Pour la « détouristification »
« Le tourisme est une industrie extractiviste »
Ton organisation s’appelle « Assemblée de quartiers pour un tourisme soutenable ». C’est possible, un « tourisme soutenable » ?
« Non. (Rires) Personne n’était vraiment convaincu, mais il fallait bien trouver un nom. Certains se sont fâchés en disant qu’on n’était pas assez radicaux. Toutefois cette appellation nous permet aussi de toucher un public qui se méfierait si on avait un nom plus frontal.
En vérité, on ne croit pas vraiment à la possibilité d’un tourisme soutenable à Barcelone. L’idée est plutôt de commencer à le faire décroître avant de voir quel niveau de tourisme serait soutenable. »
Comment s’organise l’ABTS ?
« C’est un groupe informel, sans porte-parole ni président. Un espace de coordination : des “délégués” représentent chaque assemblée de quartier et on se retrouve une fois par mois. On traite de beaucoup de sujets : ça va d’une lutte dans un quartier spécifique au réseau anti-tourisme du sud de l’Europe (lire plus loin). Voilà pourquoi on s’organise en groupes de travail.

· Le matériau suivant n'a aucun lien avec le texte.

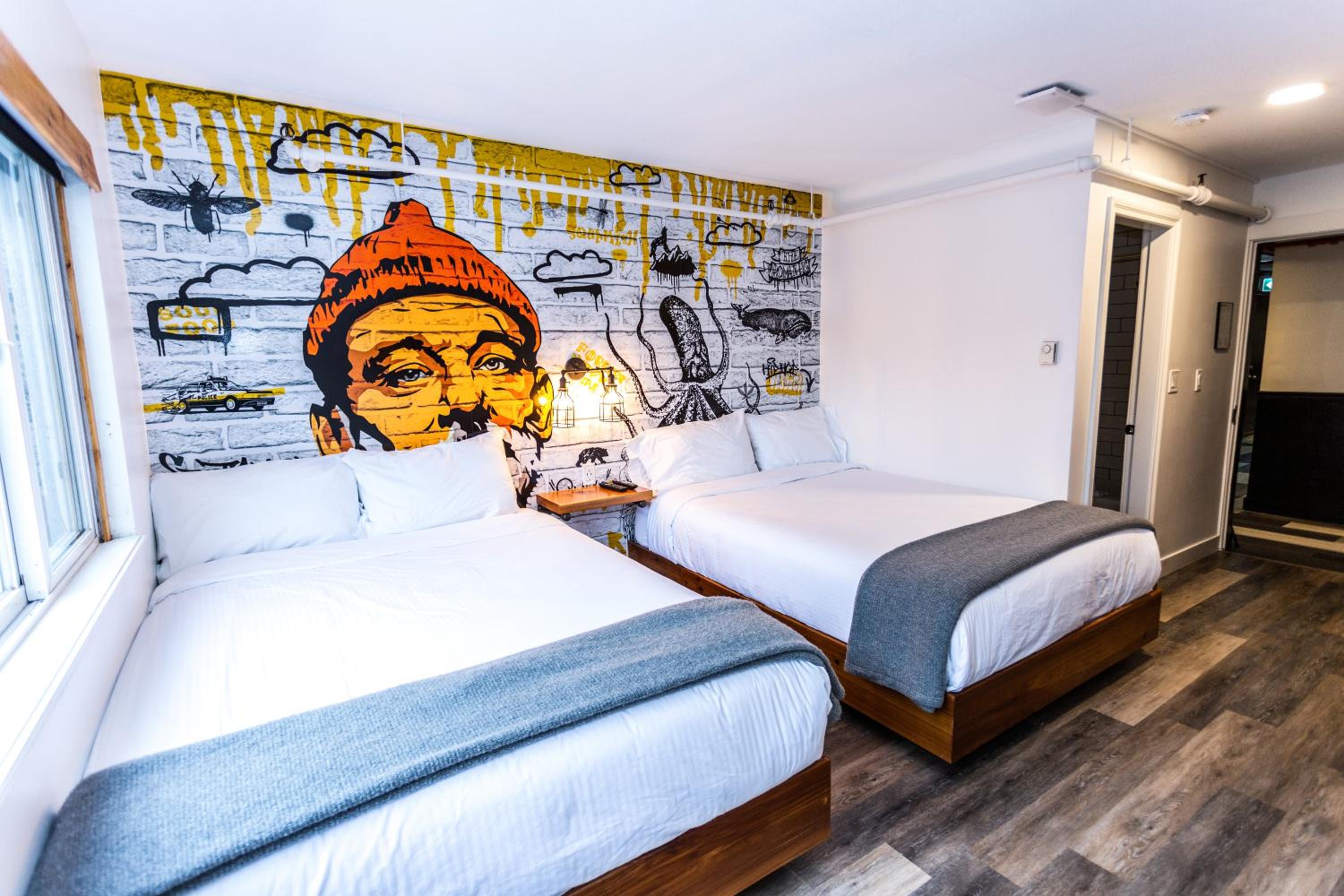 Standard Room, 2 Queen Beds, Mountain View photo 1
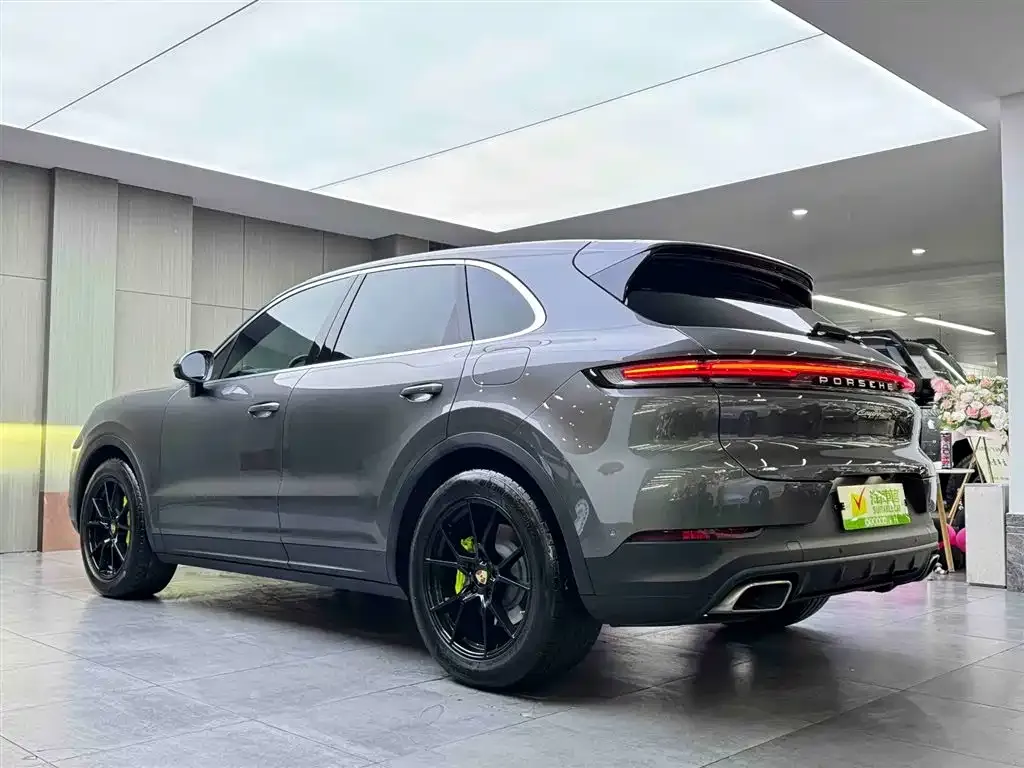 Porsche Cayenne Hybrid 2023 из CN, фото 6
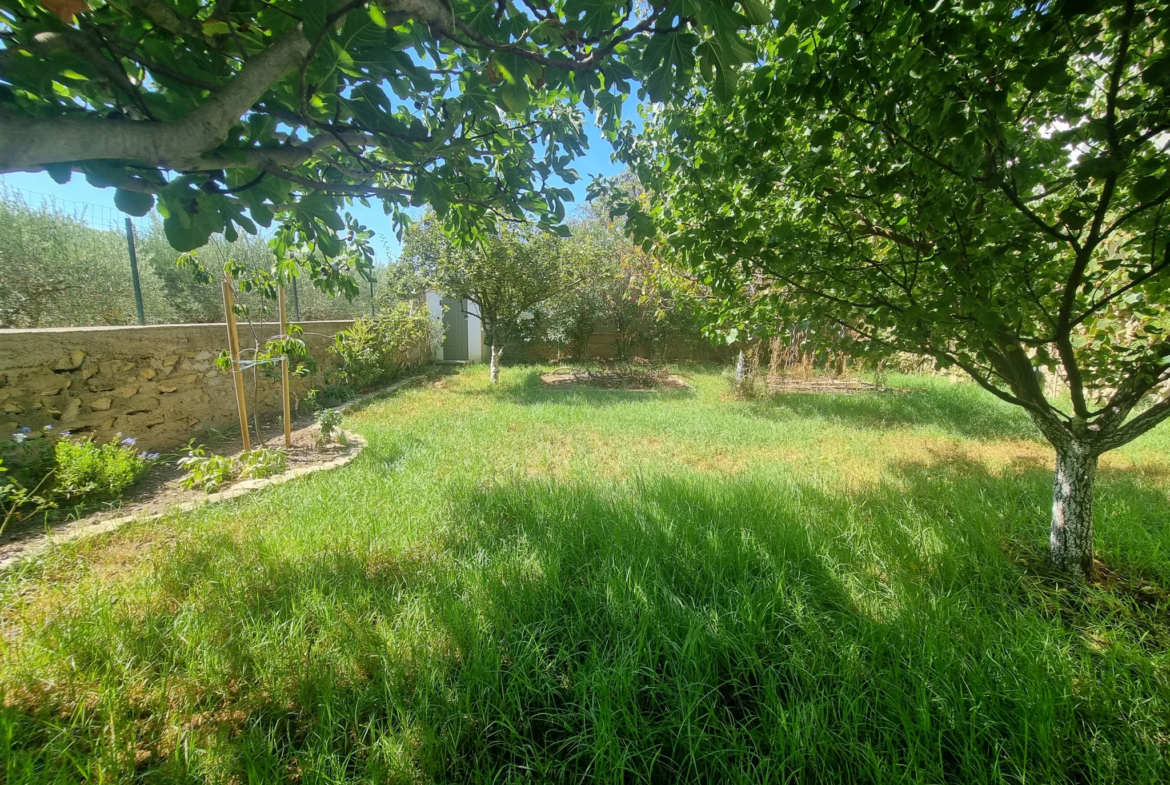 Maison de caractère à vendre avec garage et jardin à St-Marcel-sur-Aude 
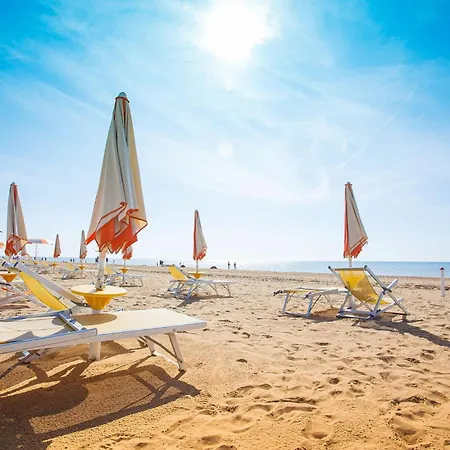 Cozy With Rooftop Pool Bibione
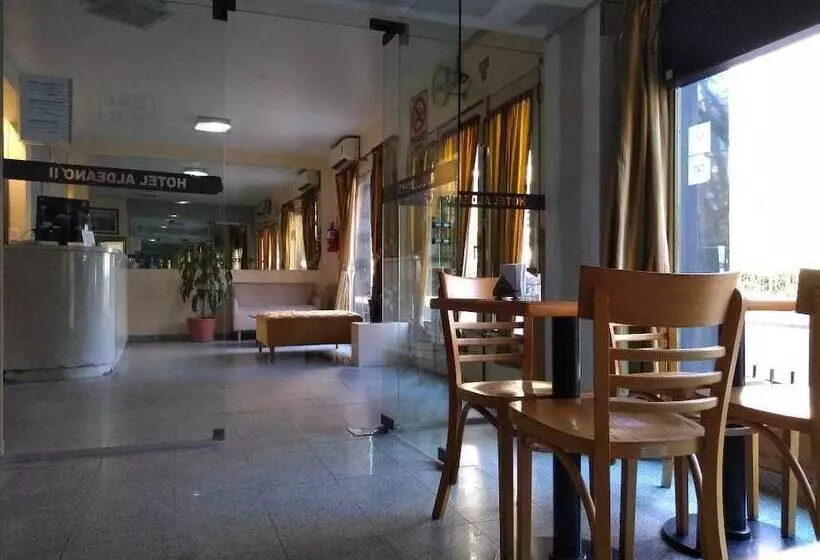 Fotos del hotel Aldeano Ii:  8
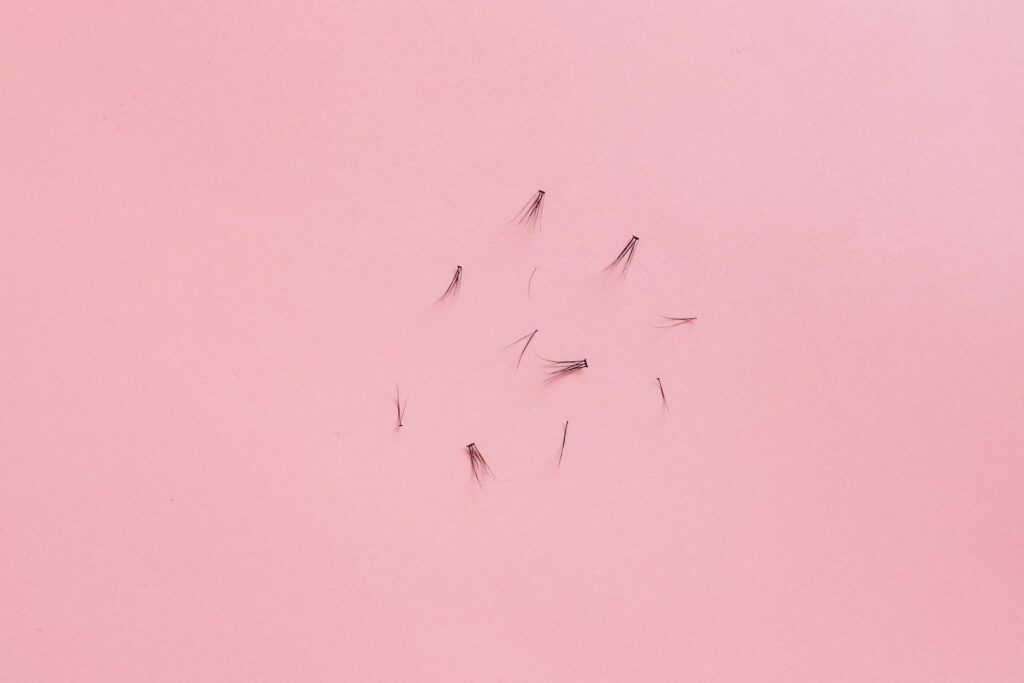 Lifting rzęs czy przedłużanie: co wybrać, żeby podkreślić oko bez nadmiaru stylizacji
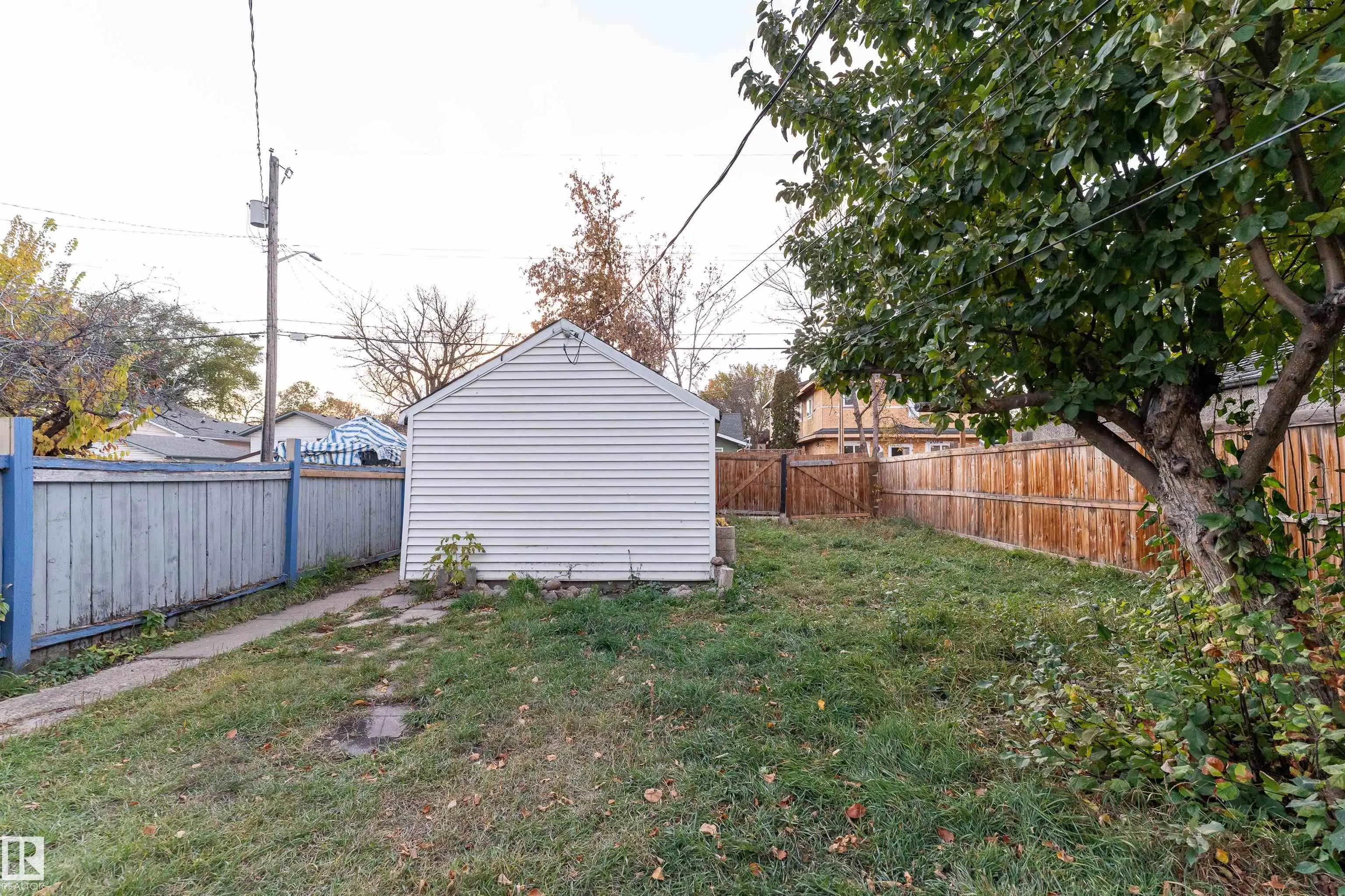 12018 95 Street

Au départ, en 2015, on était une quinzaine de collectifs du centre-ville. Le degré de nuisances causées par le tourisme est tel qu’il était naturel pour les gens de se rassembler. Très vite, des quartiers plus périphériques nous ont rejoints, conscients qu’ils étaient les prochains sur la liste. »
Sur quoi se fonde votre critique du tourisme, concrètement ?
« Comme d’autres, l’industrie touristique est extractive, dans le sens où elle se fixe dans un lieu et en extrait d’énormes profits qu’elle ne redistribue pas. Sachant que le tourisme de masse a un besoin systématique de croître et maltraite le territoire ainsi que sa population. Il faut casser cette logique de croissance éternelle.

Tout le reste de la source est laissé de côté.